■ WHAT NEEDS TO BE DONE
Skip the pictures and restate, word for word, the lines from the one containing "화담숲 예약: 온라인 예매 방법 (illustration 스타일)" to the end of the data below.

■ DATA EXTRACT
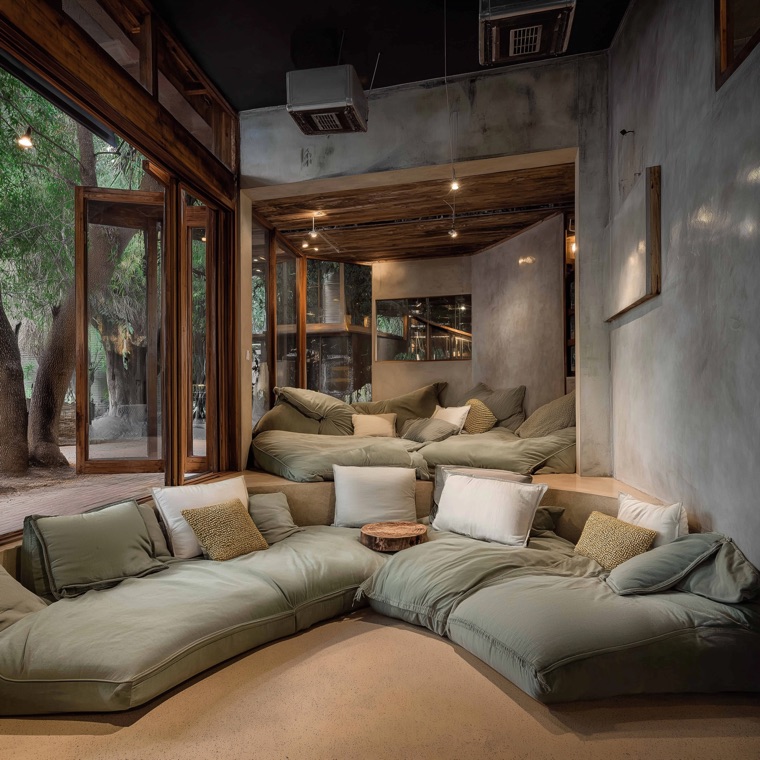 Napping & quiet rooms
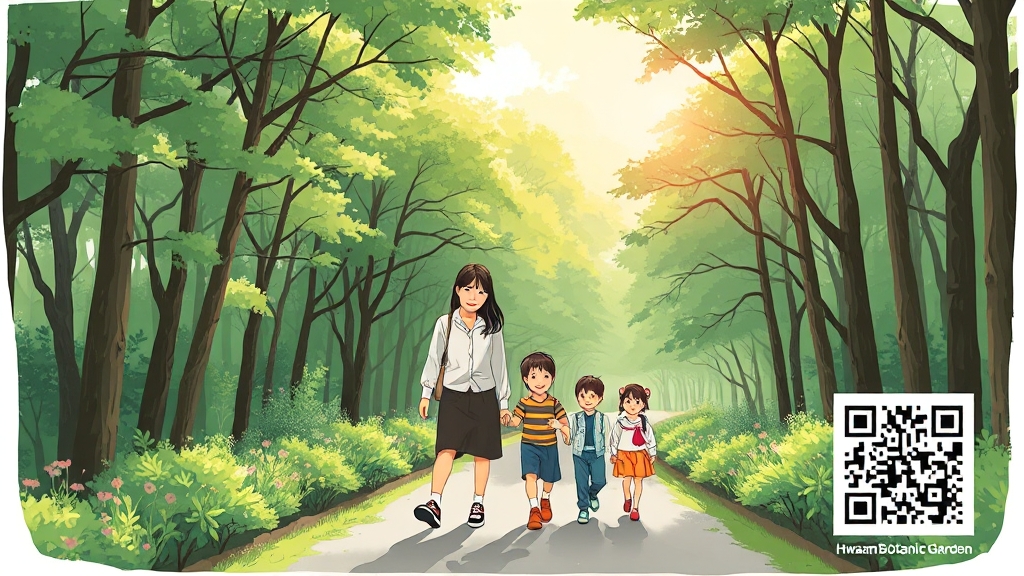 화담숲 예약: 온라인 예매 방법 (illustration 스타일)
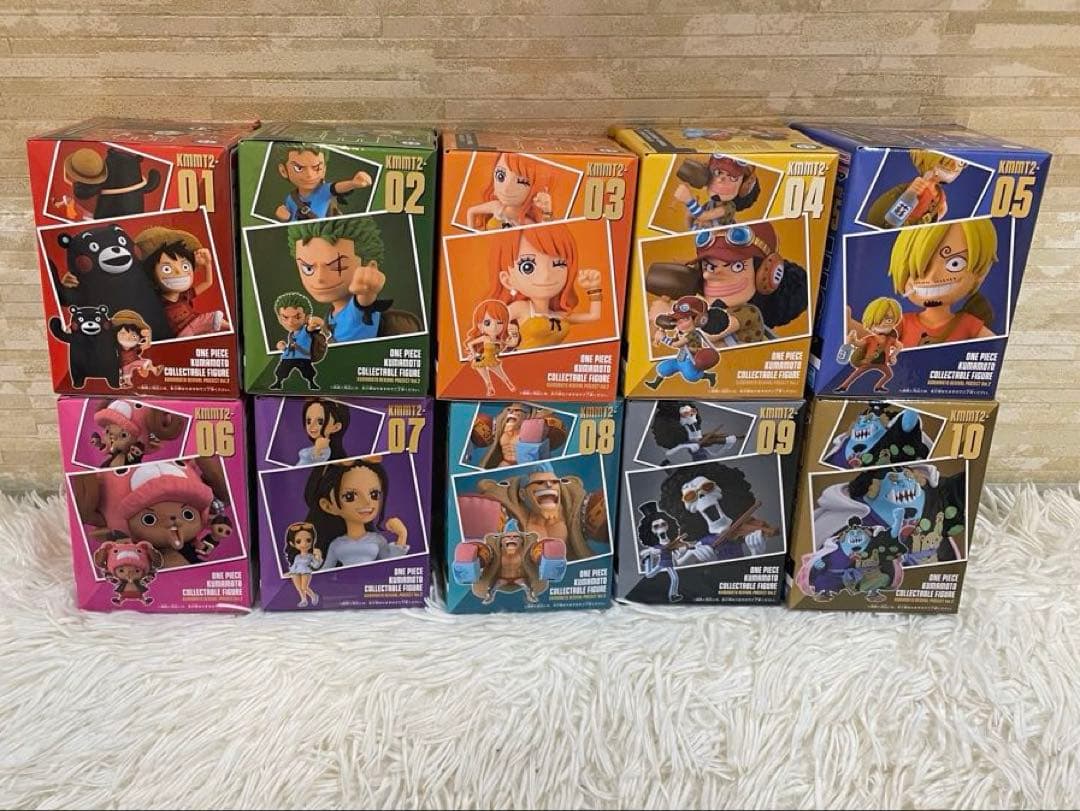 ワンピース　ワーコレ　熊本復興記念フィギュア第２弾　フルコンプリート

■ RESPONSE BOX
 화담숲 예약: 온라인 예매 방법 (illustration 스타일)
 ワンピース　ワーコレ　熊本復興記念フィギュア第２弾　フルコンプリート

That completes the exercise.